> [What needs to be done]:
Somewhere below are a line with "212 - RAILWAYS, 4" and a later line with "Floral Pumpkin Halloween Bamboo Sleep Bag". Output exactly those lines and all lines between them.
====
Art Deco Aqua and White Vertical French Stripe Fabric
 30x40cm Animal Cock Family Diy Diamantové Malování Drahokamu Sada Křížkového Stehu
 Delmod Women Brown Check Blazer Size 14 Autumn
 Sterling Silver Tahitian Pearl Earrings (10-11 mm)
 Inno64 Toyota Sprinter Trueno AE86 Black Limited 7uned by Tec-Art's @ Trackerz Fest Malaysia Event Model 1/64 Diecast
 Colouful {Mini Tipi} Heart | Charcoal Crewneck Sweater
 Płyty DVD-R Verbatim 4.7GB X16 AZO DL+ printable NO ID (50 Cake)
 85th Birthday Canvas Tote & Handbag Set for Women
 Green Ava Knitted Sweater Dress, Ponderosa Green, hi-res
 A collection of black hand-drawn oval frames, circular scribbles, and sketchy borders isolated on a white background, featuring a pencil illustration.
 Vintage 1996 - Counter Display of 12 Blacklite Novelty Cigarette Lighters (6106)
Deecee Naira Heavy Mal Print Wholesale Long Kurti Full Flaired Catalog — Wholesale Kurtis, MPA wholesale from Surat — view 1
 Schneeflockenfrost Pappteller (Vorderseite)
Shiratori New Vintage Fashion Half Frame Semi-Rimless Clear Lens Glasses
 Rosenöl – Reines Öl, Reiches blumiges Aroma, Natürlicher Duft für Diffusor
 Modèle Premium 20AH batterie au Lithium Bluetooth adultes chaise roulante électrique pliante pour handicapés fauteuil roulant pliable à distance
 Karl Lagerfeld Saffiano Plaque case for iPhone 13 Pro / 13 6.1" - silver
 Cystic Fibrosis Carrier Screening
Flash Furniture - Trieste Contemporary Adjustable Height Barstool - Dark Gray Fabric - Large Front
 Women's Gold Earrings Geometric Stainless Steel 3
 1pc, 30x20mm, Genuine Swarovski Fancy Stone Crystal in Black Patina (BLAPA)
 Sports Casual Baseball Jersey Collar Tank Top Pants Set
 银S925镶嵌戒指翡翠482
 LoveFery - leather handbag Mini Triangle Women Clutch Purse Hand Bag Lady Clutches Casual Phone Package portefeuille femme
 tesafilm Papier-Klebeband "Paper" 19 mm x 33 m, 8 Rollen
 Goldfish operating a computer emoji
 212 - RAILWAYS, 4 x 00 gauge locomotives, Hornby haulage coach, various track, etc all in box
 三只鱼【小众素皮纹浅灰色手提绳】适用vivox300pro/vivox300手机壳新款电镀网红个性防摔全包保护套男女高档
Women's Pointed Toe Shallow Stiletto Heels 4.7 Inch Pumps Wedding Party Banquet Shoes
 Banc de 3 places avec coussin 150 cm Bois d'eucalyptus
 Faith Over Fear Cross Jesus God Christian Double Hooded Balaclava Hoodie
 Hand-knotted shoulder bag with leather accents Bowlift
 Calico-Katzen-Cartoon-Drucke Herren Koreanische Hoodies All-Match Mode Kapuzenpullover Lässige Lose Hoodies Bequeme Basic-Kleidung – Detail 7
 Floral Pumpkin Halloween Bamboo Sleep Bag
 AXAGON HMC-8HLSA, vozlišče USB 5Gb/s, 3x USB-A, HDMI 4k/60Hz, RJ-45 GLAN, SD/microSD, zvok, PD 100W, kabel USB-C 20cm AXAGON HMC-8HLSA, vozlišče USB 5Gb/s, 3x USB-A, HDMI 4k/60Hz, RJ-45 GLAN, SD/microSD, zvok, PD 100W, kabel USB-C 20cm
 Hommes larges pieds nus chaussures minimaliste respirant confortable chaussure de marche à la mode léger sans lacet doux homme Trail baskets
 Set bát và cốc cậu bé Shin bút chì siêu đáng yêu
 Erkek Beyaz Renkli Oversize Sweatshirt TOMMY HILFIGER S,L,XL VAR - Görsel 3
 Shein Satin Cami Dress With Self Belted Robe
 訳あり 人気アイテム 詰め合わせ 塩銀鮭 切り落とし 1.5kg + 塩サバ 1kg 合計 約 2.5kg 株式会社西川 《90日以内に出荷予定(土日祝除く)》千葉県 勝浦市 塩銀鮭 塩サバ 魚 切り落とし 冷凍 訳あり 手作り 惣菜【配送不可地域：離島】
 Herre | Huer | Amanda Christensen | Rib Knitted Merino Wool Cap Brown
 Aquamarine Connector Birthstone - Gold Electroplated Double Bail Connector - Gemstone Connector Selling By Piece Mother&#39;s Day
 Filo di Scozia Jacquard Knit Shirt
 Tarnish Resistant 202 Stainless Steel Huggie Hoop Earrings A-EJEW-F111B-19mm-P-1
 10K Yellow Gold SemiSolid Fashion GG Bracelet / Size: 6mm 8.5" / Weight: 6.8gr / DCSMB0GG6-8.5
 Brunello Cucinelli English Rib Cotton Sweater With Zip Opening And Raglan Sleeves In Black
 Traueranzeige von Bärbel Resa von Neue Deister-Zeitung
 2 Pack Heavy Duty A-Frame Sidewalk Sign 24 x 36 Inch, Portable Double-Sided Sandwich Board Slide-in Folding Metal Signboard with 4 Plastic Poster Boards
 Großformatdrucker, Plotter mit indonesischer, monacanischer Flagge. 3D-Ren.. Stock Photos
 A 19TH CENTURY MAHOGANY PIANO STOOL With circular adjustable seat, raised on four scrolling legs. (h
====
> [Result for this task]:
 212 - RAILWAYS, 4 x 00 gauge locomotives, Hornby haulage coach, various track, etc all in box
 三只鱼【小众素皮纹浅灰色手提绳】适用vivox300pro/vivox300手机壳新款电镀网红个性防摔全包保护套男女高档
Women's Pointed Toe Shallow Stiletto Heels 4.7 Inch Pumps Wedding Party Banquet Shoes
 Banc de 3 places avec coussin 150 cm Bois d'eucalyptus
 Faith Over Fear Cross Jesus God Christian Double Hooded Balaclava Hoodie
 Hand-knotted shoulder bag with leather accents Bowlift
 Calico-Katzen-Cartoon-Drucke Herren Koreanische Hoodies All-Match Mode Kapuzenpullover Lässige Lose Hoodies Bequeme Basic-Kleidung – Detail 7
 Floral Pumpkin Halloween Bamboo Sleep Bag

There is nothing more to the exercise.